Coach Vicente del Bosque has hailed Spain's "great generation of footballers" after their historic win over Italy in the final of Euro 2012.
La Roja's 4-0 victory in Kiev made them the first team to win three successive major international tournaments.
"We're talking about a great generation of footballers," said Del Bosque.
"They know how to play together because they come from a country where they learn to play properly. This is a great era for Spanish football."
The 61-year-old added: "We have some great lads who play abroad, which was impossible before. We didn't really have players abroad and now foreign clubs want our players.
"To win three titles is almost impossible. Congratulations to the players.
"It's true we were lucky enough to play a great match. Everything worked for us. It was an extraordinary performance against a difficult opponent.
"We played our own game. There were no real external influences - we were faithful to what we've done in recent years.
"I didn't really want to be the coach who wins but the coach who educates. I want to keep preparing them for the future."
Spain were at their scintillating best as goals from David Silva, Jordi Alba, Fernando Torres - who became the first player to score in two Euros finals - and Juan Mata helped them overpower the Italians by the biggest winning margin in a Euros final. They also retained the crown they first won in Vienna four years ago.
Between these two, La Roja have also claimed their first World title in South Africa and have now constructed a compelling case to be classed as the best team in history.
Sunday's victory was also the perfect riposte to the critics who have suggested that Spain have abandoned attacking principles and are not entertaining to watch.
Spain midfielder Cesc Fabregas told BBC Sport: "It feels really, really amazing. It's one of the best days of my life.
"I don't think we realise what we've done. In time we'll see. Are we boring? People who think we are boring, I don't think they understand the game."
Spain captain Iker Casillas, for whom Sunday's win was his 100th from 137 caps said: "There will always be some criticism as we have set the bar so high. That's what happens when you come down a step. It's been four marvellous years.
"You might think that a 4-0 margin against Italy means it was easy - but we have been gradually stepping up as the tournament went along.

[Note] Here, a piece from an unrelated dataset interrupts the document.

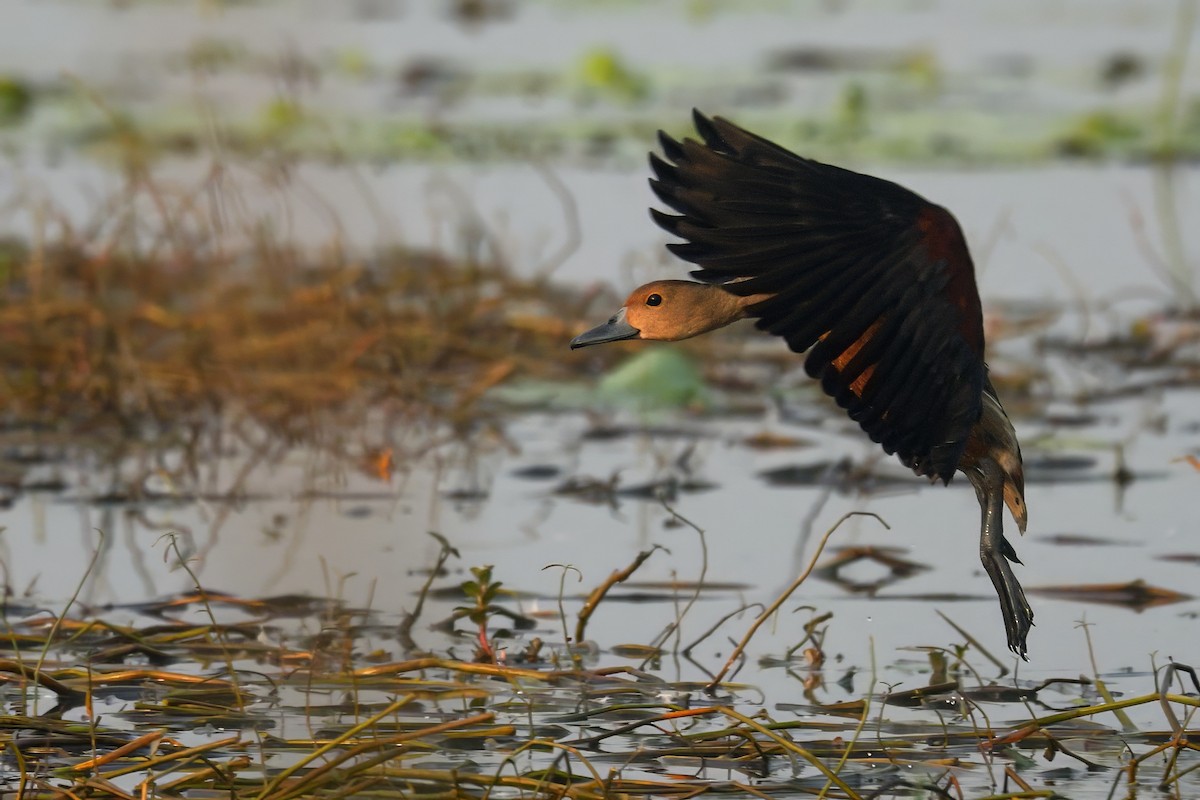 Малая древесная утка - ML647623051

"We did a really good job in defence, but not only defence. We know we have a lot of quality up front. If you can have a clean sheet then it's easier to score.
"It was really important for Fernando [Torres]. I know he hasn't had his best season. He had some problems and then didn't play for Chelsea. He scored against Ireland and then he scored again in the final.

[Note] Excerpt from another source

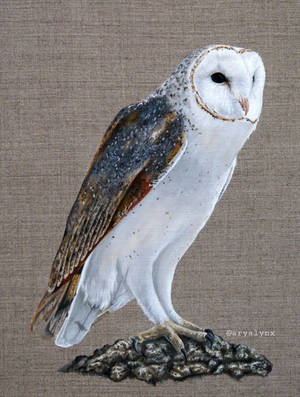 Acrylic Barn Owl Painting Behold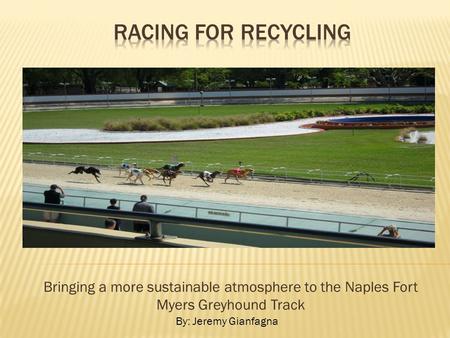 Bringing a more sustainable atmosphere to the Naples Fort Myers Greyhound Track By: Jeremy Gianfagna.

"Are we the best ever? I don't know. I think we have to keep winning and win more trophies. When we're retired in 10 or 15 years then maybe we can look back and say we were really good."
Andres Iniesta was named man of the match and is one of four players - along with Casillas, Sergio Ramos and Xavi - to have started all three final triumphs.

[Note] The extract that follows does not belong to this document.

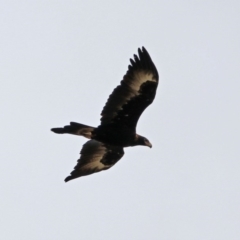 Aquila audax (Wedge-tailed Eagle) at Paddys River, ACT - 10 Dec 2018 by RodDeb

"It's very nice to have this man-of-the-match trophy but it's especially great to be champions again," the Barcelona midfielder said.
"The team played a great match and all the players were at their top level."
Centre-back Gerard Pique added: "It's a really special feeling. I think we have to enjoy this moment. This team is making history but we have to keep going and keep working hard.
"There is a World Cup in two years. We're going to enjoy this moment and then keep going."